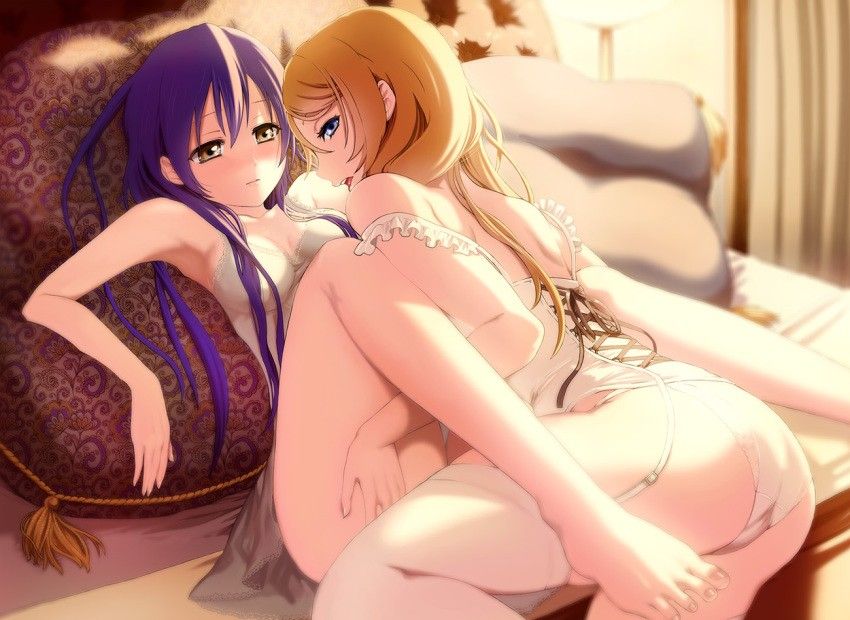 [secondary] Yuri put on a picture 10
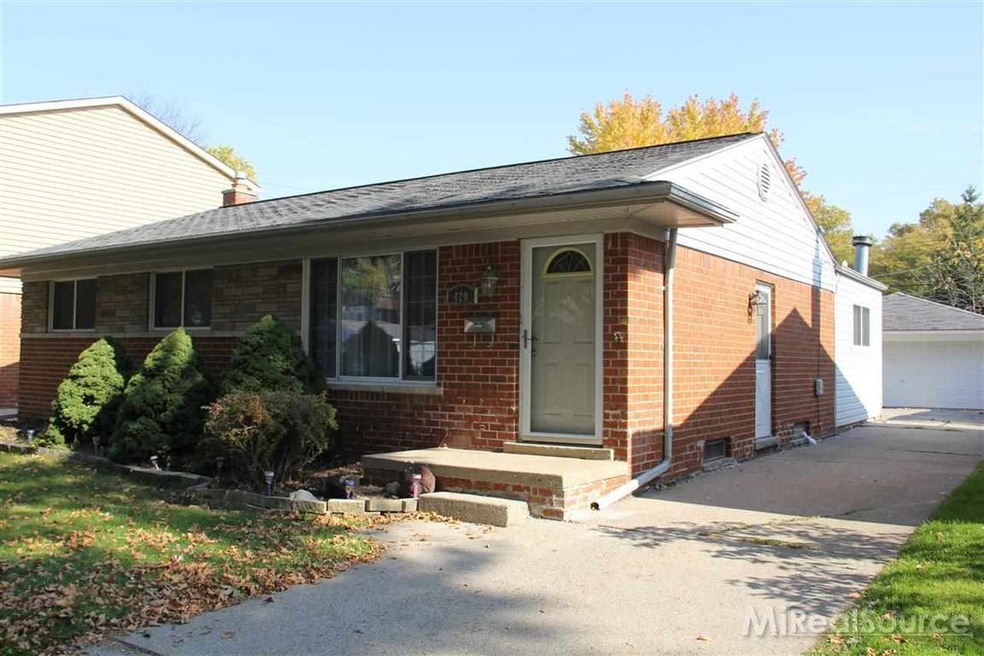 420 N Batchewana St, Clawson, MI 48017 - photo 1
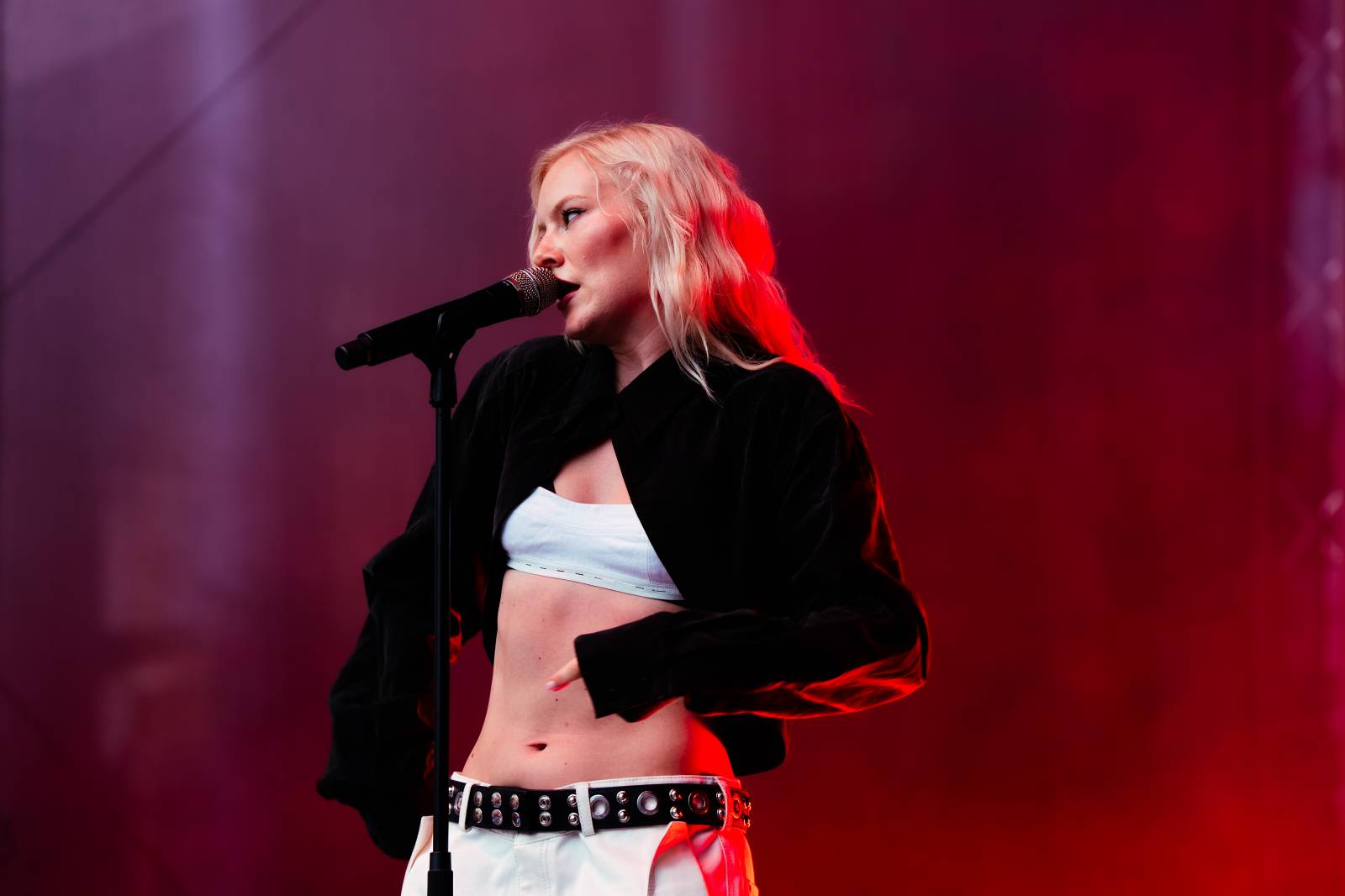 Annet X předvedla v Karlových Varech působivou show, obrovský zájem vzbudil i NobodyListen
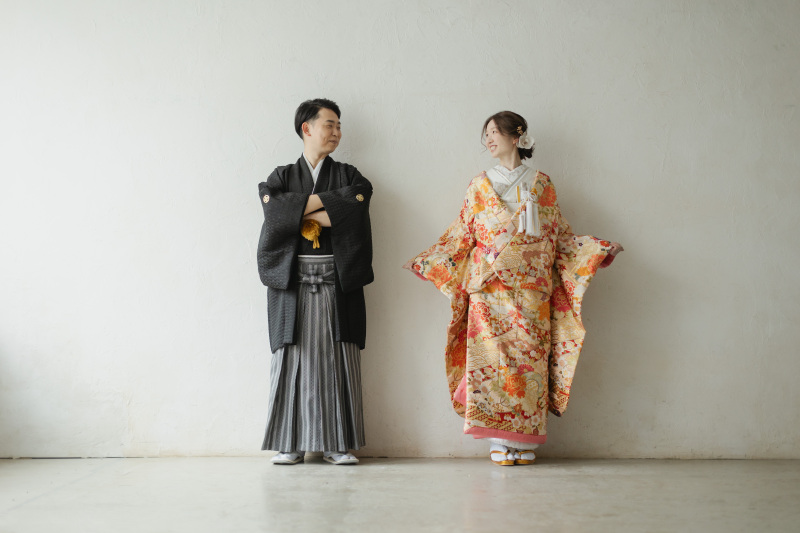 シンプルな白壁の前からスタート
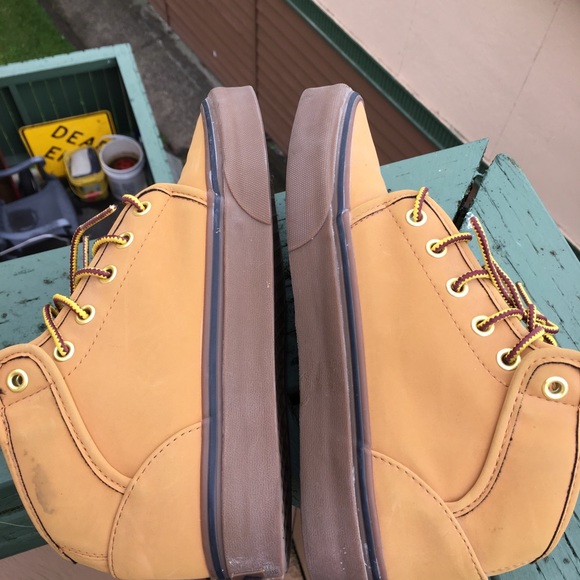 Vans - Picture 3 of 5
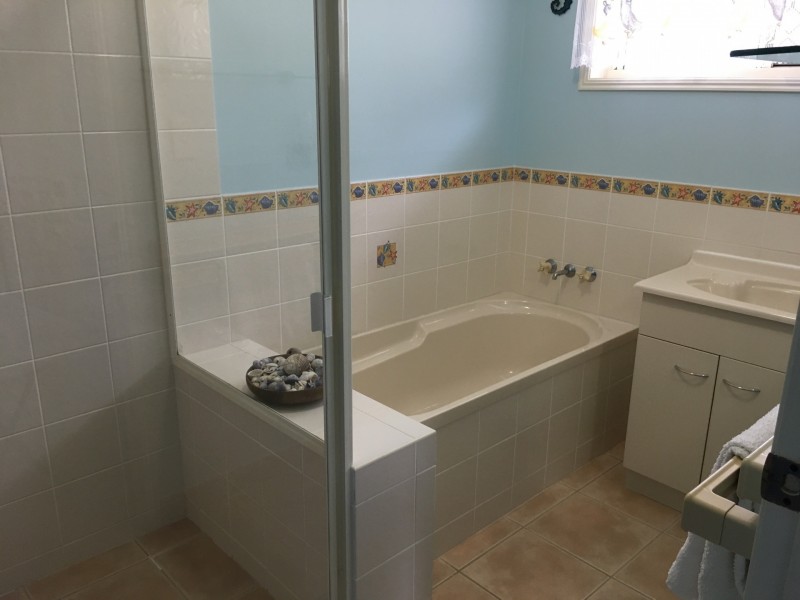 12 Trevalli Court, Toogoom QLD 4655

What to do: Starting at the line that holds "420 N Batchewana", retype every line through the end of the data, both ends included. Pictures stay out of the copy.

Solution:
 420 N Batchewana St, Clawson, MI 48017 - photo 1
 Annet X předvedla v Karlových Varech působivou show, obrovský zájem vzbudil i NobodyListen
 シンプルな白壁の前からスタート
 Vans - Picture 3 of 5
 12 Trevalli Court, Toogoom QLD 4655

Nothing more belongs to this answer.